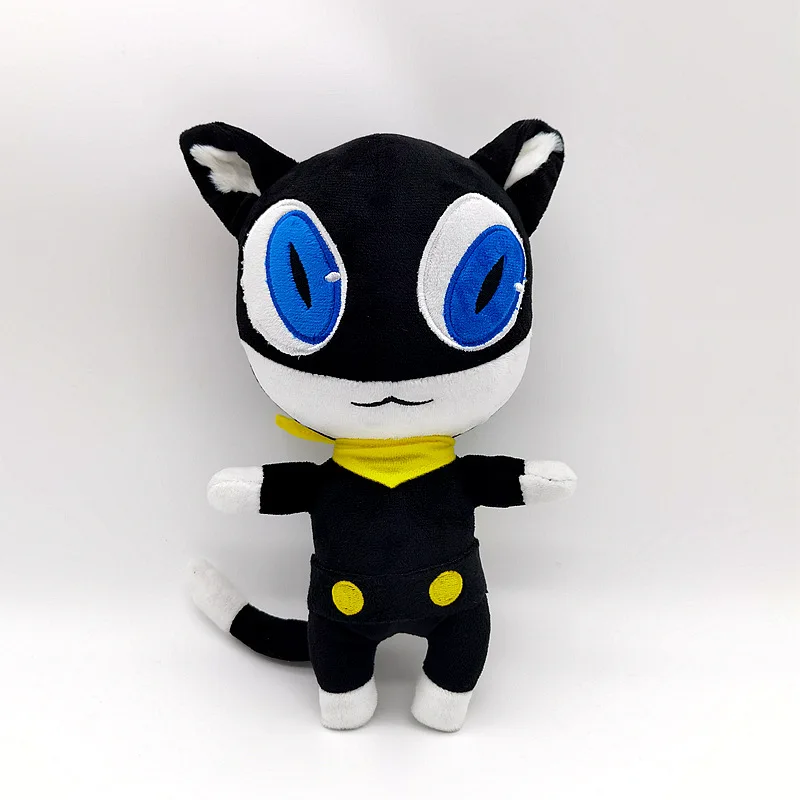 

Persona 5 The Animation Plush Toy Kawaii Black Cat Morgana Mona Anime Figure Stuffed Animal Plushie Doll For Kids Birthday Gifts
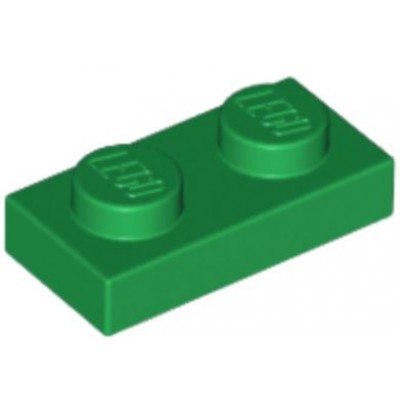 LEGO 1 x 2 Plate Green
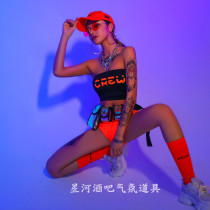 Bar gogo costume suit European and American sports style sexy nightclub b group dance team ds lead dance suit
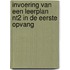 Invoering van een leerplan NT2 in de eerste opvang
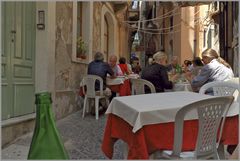 Mittagtisch in Siracusa 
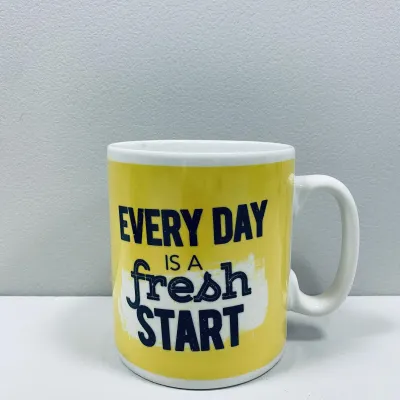 Чашка керамическая OLens 3227 800 мл Every day is a fresh start XXL Чашка керамическая OLens 3227 800 мл Every day is a fresh start XXL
________________________________________
> [Work order]:
Leaving out the pictures, restate word for word the lines above from the one containing "LEGO 1 x 2 Plate Green" through the end of the records, both ends included.

> [Result of the task]:
 LEGO 1 x 2 Plate Green
 Bar gogo costume suit European and American sports style sexy nightclub b group dance team ds lead dance suit
 Invoering van een leerplan NT2 in de eerste opvang
 Mittagtisch in Siracusa 
 Чашка керамическая OLens 3227 800 мл Every day is a fresh start XXL Чашка керамическая OLens 3227 800 мл Every day is a fresh start XXL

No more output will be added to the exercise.